DNA A260/280 low

Hi Carol,

There a number of explanations for what is going on, but most likely there is an issue with the reading you are getting. As DougB suggested you should make sure the readings are made with a clean instrument.

As for the DNA, you should never freeze and thaw DNA. Freezeing and thawing DNA degrades it. Whether that caused the changes in the readings it is possible. 

 Hi DougB,

Hi Carol, A sample showing 100 ng per ul but not showing on agarose is a little strange. The Nanodrop scan will provide the concentration of the sample and whether certain salt contaminants are present. However, it will read the same whether DNA is supercoiled, nicked or in small pieces. For example, we use the Nanodrop to measure 18 base primers as well as plamid DNA. Many years ago we saw cases where plasmid preps were purified using resin based columns. Resin was sneaking through the membrane into the final sample. Over time, the resin re-absorbed the DNA. But I haven't seen this problem for a long while. I am thinking possible degradation. Partially degraded DNA could still read on the Nanodrop then electrophorese completely through the gel. Are you seeing even a smear on the gel? Any thoughts Ivan? DougB

 Hi DougB, I saw no smear, nothing!! But some samples with 1.8 ng/uL I saw a weak band. For me it seems there is no DNA in the sample. The samples were frozen/thaw before me but I think the DNA should  be viable.

Thanks :)
Carol

I agree with DougB that you can get a reading in a Nanodrop, suggesting you have DNA, and then get virtually nothing on a gel, mainly because the DNA is degraded. Having said that, if you have a concentrated sample, even if it is mostly degraded, you should see at least a faint blob of nucleic acid towards the bottom of the gel (around 50 base pairs in size), which is typical of fully degraded DNA. Of course this assumes you are not running your DNA dyes off the gel. 

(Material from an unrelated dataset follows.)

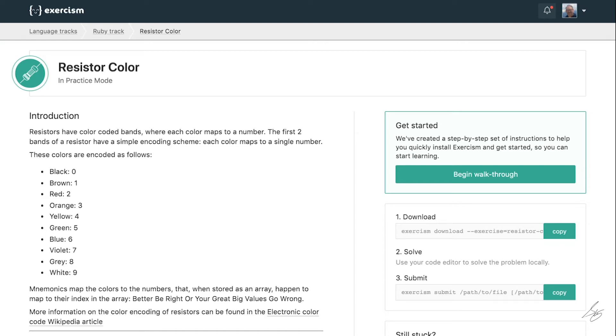Hey, this is Step Aument. Welcome to my Exercism.io series. In this video, I'll be working through the resistor color exercise from the Exercism.io Ruby track.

Based on the posts in this thread my best guess is that you simply do not have DNA. Wether this is because the extraction is not working, your starting material is too limiting/degraded, or something else is an open question. My suggestion at this point would be to obtain a fresh sample, for example some liver, and go through the whole process and see if you can get a good amount of DNA that is easily detected by the Nanodrop and seen on a gel. If you cannot get that to work with a liver sample then there is a problem with your DNA extracion procedure. If on the other hand you get a nice amount of DNA and you can detect it in a gel, then the problem is likely with your bronchoalveolar lavage samples. 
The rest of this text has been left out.